Task item ▸
An exact copy of the lines of the listing below between the "Viva Relle Party" line and the "Niceauty 20Pcs Golden" line, both included, is the whole answer; please omit the pictures.

Extracted data ▸
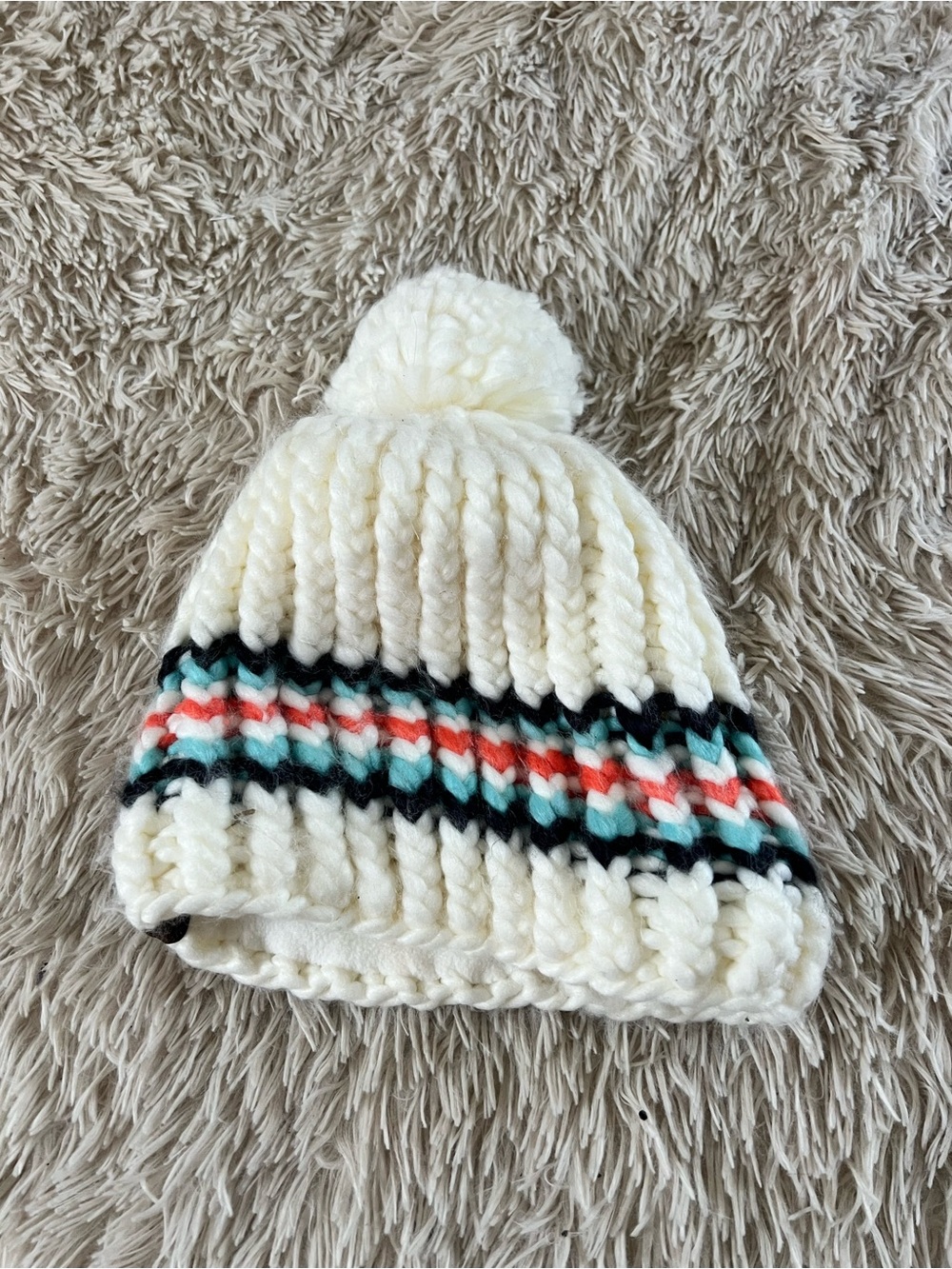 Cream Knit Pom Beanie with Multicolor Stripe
--
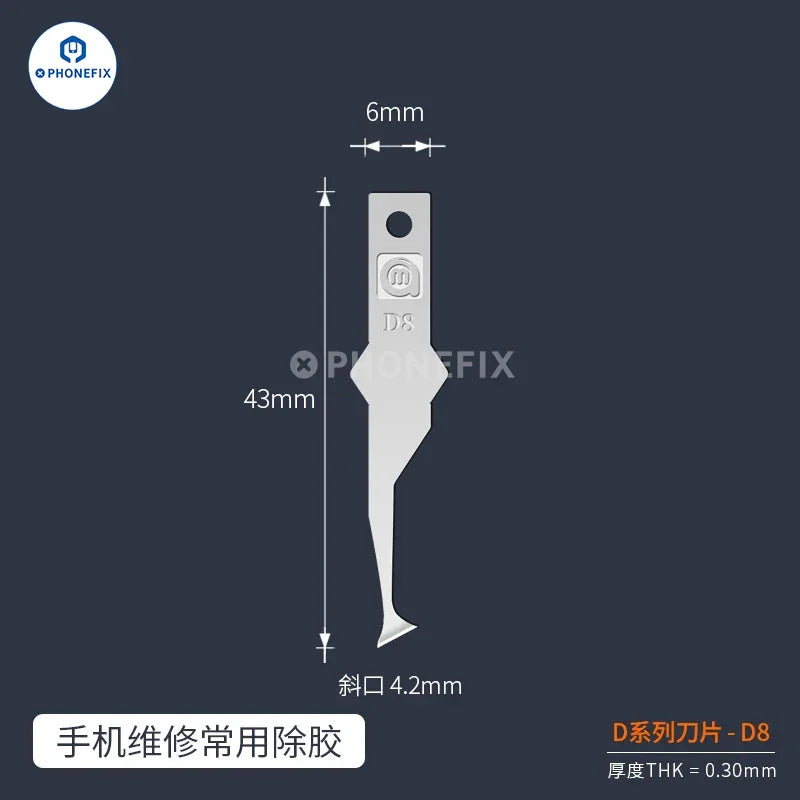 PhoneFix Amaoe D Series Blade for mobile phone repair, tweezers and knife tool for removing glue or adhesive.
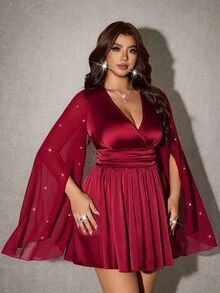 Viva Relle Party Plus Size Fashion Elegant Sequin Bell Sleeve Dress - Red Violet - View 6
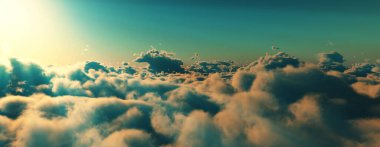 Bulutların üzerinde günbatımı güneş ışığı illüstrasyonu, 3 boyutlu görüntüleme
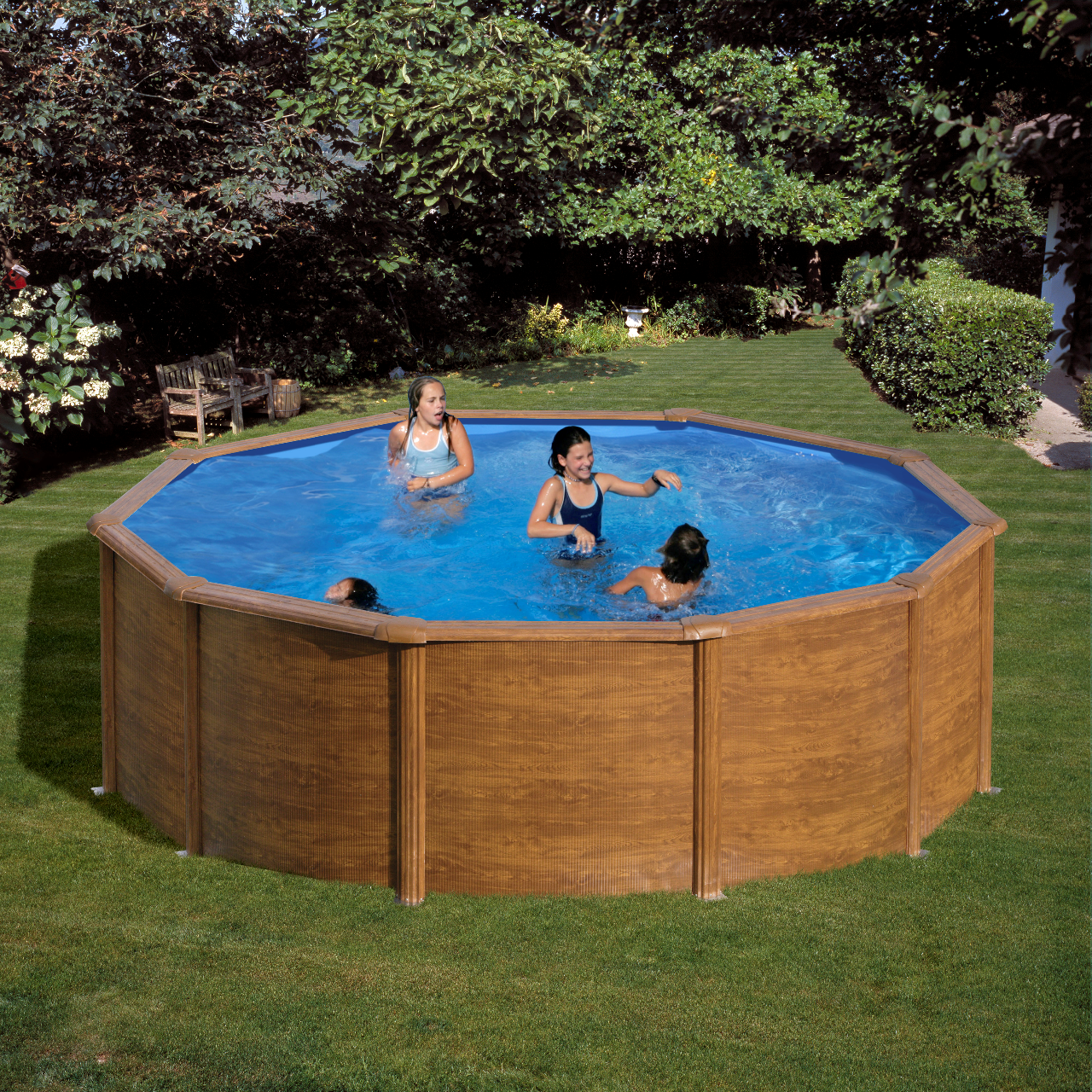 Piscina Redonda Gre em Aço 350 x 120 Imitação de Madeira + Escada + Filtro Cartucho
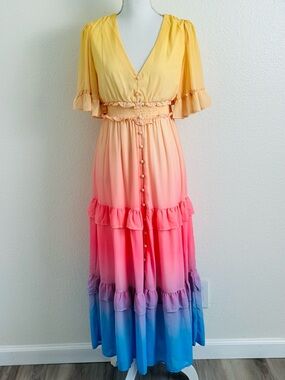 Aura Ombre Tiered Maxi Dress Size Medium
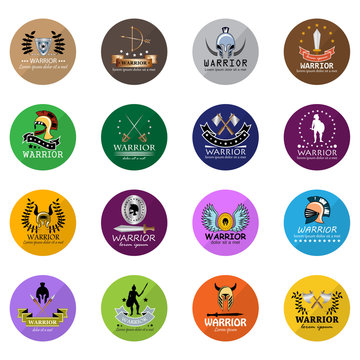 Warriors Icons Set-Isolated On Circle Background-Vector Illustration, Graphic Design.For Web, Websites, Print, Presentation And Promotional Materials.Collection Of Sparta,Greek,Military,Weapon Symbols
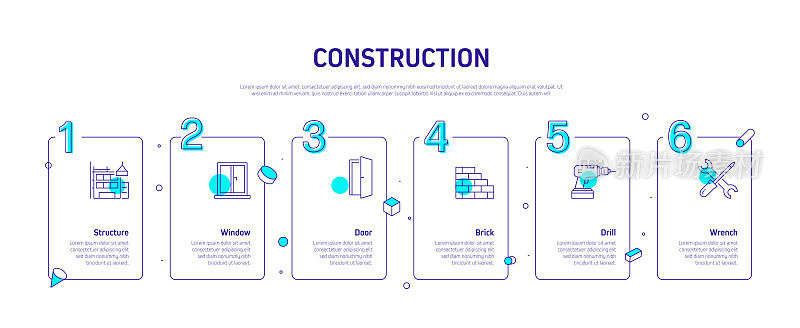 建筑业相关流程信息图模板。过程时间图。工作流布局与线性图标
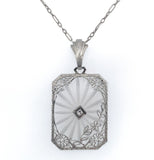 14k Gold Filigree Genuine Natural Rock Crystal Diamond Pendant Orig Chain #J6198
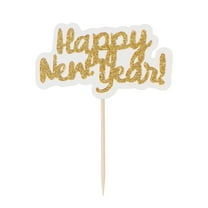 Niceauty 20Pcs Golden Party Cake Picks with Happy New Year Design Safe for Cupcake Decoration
---
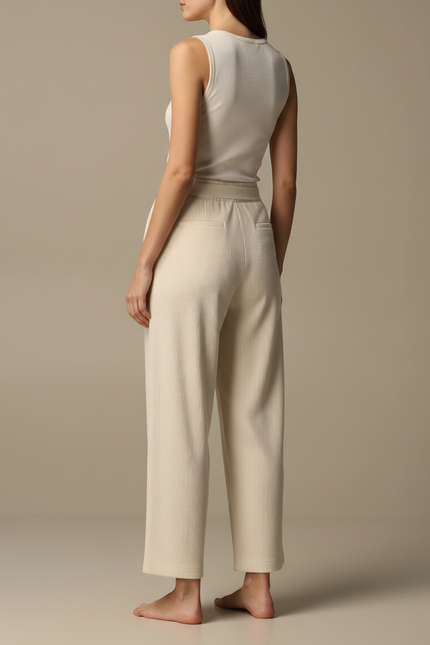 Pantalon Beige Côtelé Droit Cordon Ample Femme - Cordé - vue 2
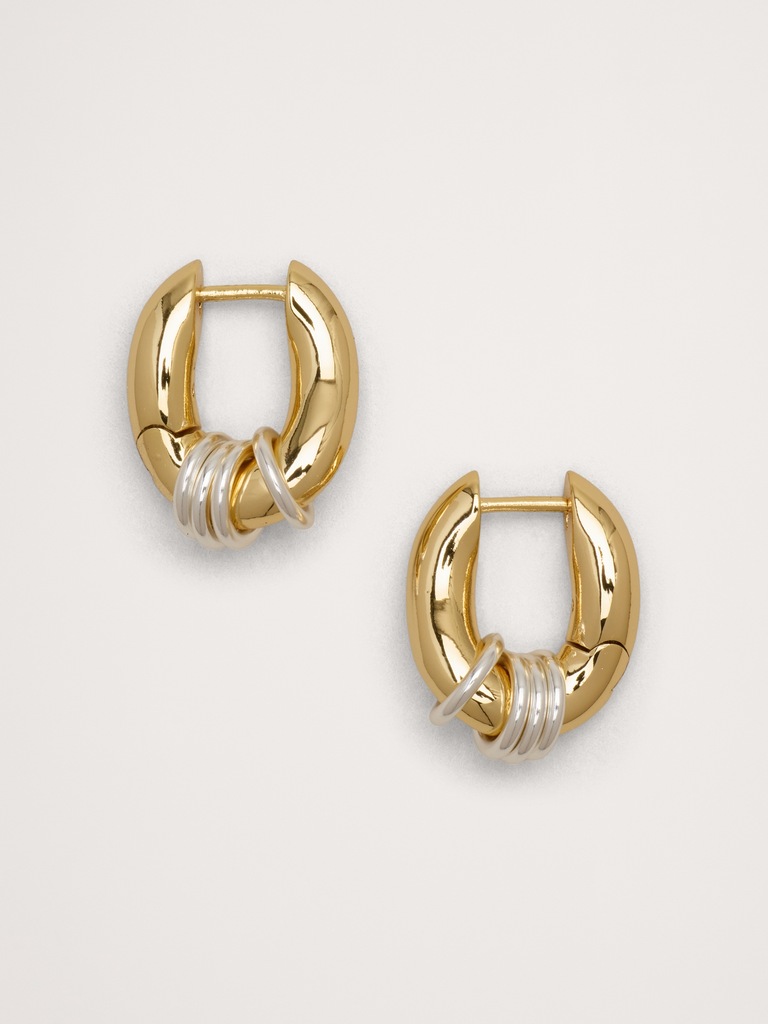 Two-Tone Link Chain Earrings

Solution for this exercise ▸
 Viva Relle Party Plus Size Fashion Elegant Sequin Bell Sleeve Dress - Red Violet - View 6
 Bulutların üzerinde günbatımı güneş ışığı illüstrasyonu, 3 boyutlu görüntüleme
 Piscina Redonda Gre em Aço 350 x 120 Imitação de Madeira + Escada + Filtro Cartucho
 Aura Ombre Tiered Maxi Dress Size Medium
 Warriors Icons Set-Isolated On Circle Background-Vector Illustration, Graphic Design.For Web, Websites, Print, Presentation And Promotional Materials.Collection Of Sparta,Greek,Military,Weapon Symbols
 建筑业相关流程信息图模板。过程时间图。工作流布局与线性图标
 14k Gold Filigree Genuine Natural Rock Crystal Diamond Pendant Orig Chain #J6198
 Niceauty 20Pcs Golden Party Cake Picks with Happy New Year Design Safe for Cupcake Decoration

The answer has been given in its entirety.